**Aim of the task**
Drop all images. Then write out each line below exactly as given.

**Dataset extract**
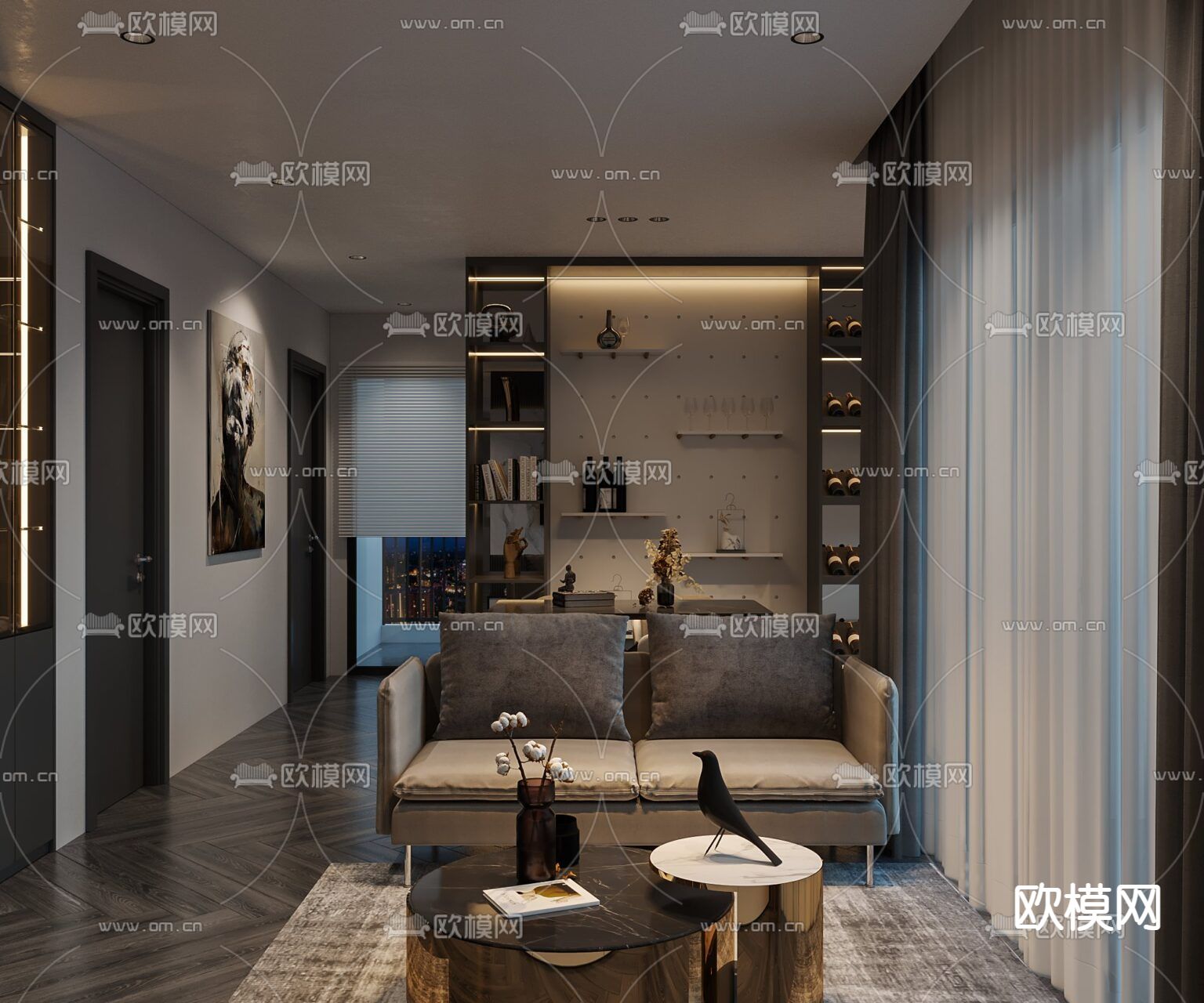 现代轻奢公寓免费3d模型下载（渲染图1）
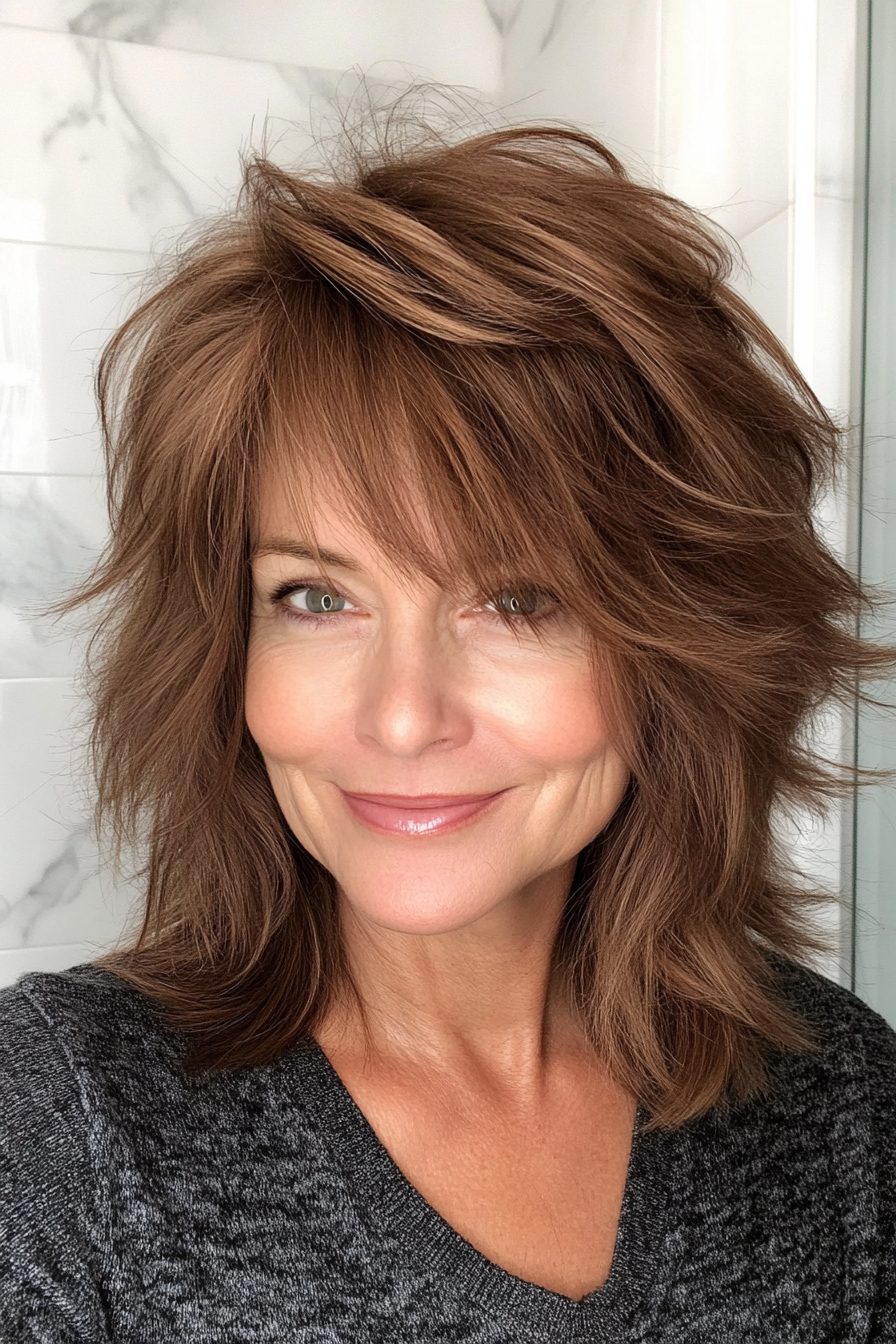 12. Medium Brown Shag with Crown Volume (Shag Hairstyles For Older Women) - Shag Hairstyles For Older Women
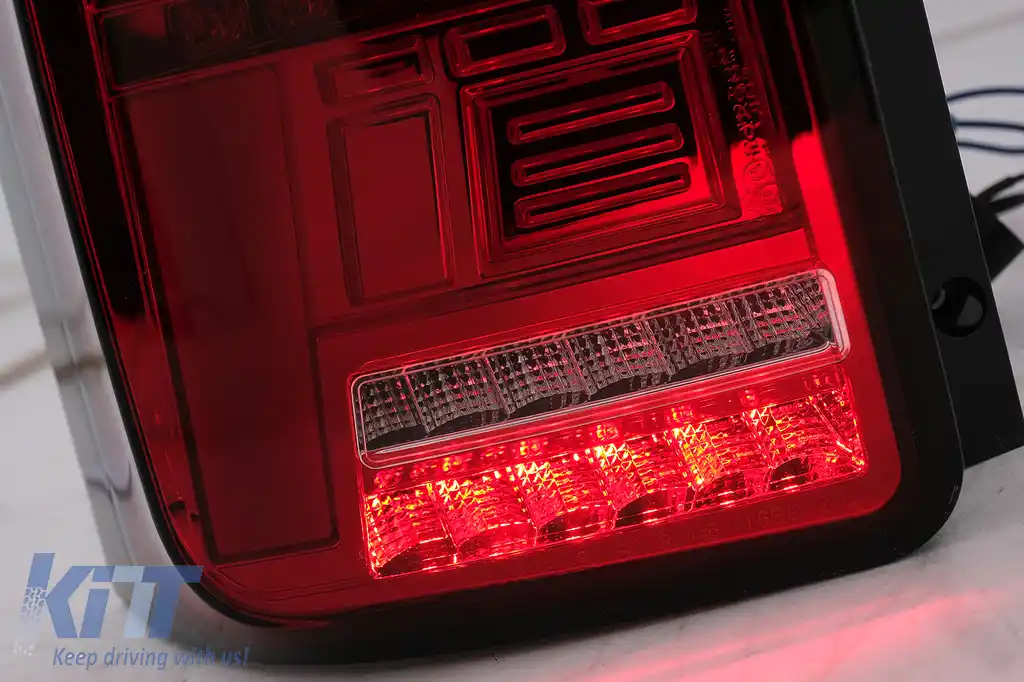 Stopuri Full LED compatibile cu VW Transporter T6 (2015-2020) Semnal Dinamic Secvential Rosu Clar-image-6100417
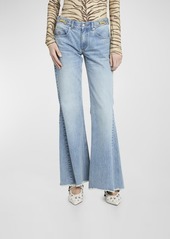 Stella McCartney Mid-Rise Vintage Blue Hardware-Detail Bootcut Jeans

**Your solution**
 现代轻奢公寓免费3d模型下载（渲染图1）
 12. Medium Brown Shag with Crown Volume (Shag Hairstyles For Older Women) - Shag Hairstyles For Older Women
 Stopuri Full LED compatibile cu VW Transporter T6 (2015-2020) Semnal Dinamic Secvential Rosu Clar-image-6100417
 Stella McCartney Mid-Rise Vintage Blue Hardware-Detail Bootcut Jeans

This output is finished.